The Gum Springs Community Center was the site for the anniversary celebration of the Saunders B. Moon Senior Citizens Club.
Photo by Mike Salmon.
Mount Vernon In September 1965, President Lyndon B. Johnson launched the war on
poverty, and out of this initiative, the Saunders B. Moon Senior Citizens Club was born in Gum Springs. The members have came and went through the years, but now number stands at 50 members who celebrated their 52nd anniversary on Sept. 9 at the Gum Springs Community Center.
“What we have, we’re willing to share with the community,” said Mattie Palmore, who has been a member since the early 1980s. “We all hang together and look out for each other,” she added.
Each year, they pay $2 each and $.50 for good cheer, so there isn’t a huge bank account to rely on, but through community contributions, they are able to put together Halloween events, Thanksgiving meals for a few families and at Christmas they adopt a few families as well, and make their lives better for the time.
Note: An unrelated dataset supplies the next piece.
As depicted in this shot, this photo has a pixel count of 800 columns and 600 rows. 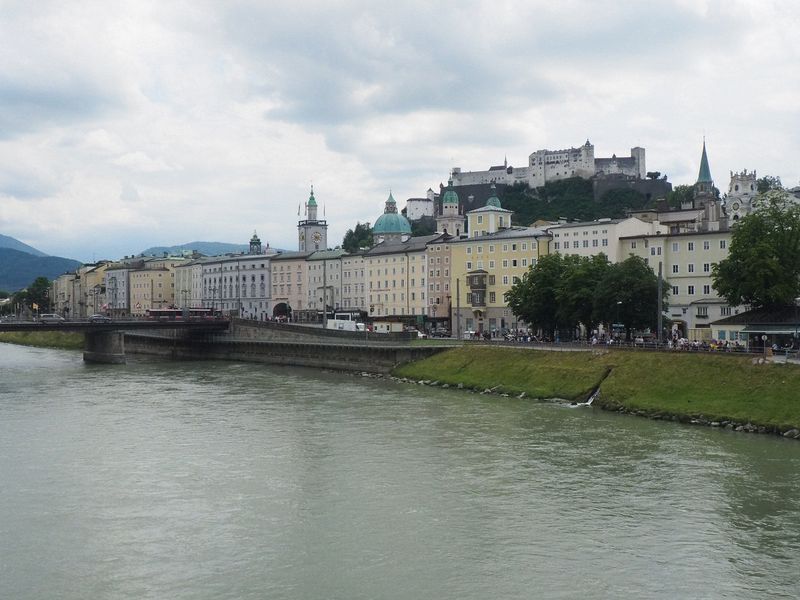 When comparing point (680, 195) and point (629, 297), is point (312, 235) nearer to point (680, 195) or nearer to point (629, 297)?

The United Black Fund is a contributor, Palmore said. Their efforts are aimed at the senior population of the neighborhood, but Palmore did say “we’re pulling in the baby boomers,” who are around 60 years old.
Florence King was the guest speaker at the anniversary event, and she noted the importance of the legacy that is left behind by the elders. The legacy is defined by character and integrity. “You want to be able to leave something behind for your children,” she said, noting the importance of teachings in the Bible. “God wants us to help the poor,” King said.
King was a graduate of Luther Jackson High School in 1965. Luther Jackson was the county's first grade 7-12 school for black students, according to information on its Facebook page. The school remained a racially segregated public school until 1965 when it became a racially integrated school for grades seven and eight.
At the anniversary celebration, a group of teens called “Ladies in Focus,” served the food. The seniors club is teaching the Ladies in Focus about the older generation and trying to pass on the legacy.
“This is like an intergenerational thing,” said Clarice Evans-Carter, the secretary of the group.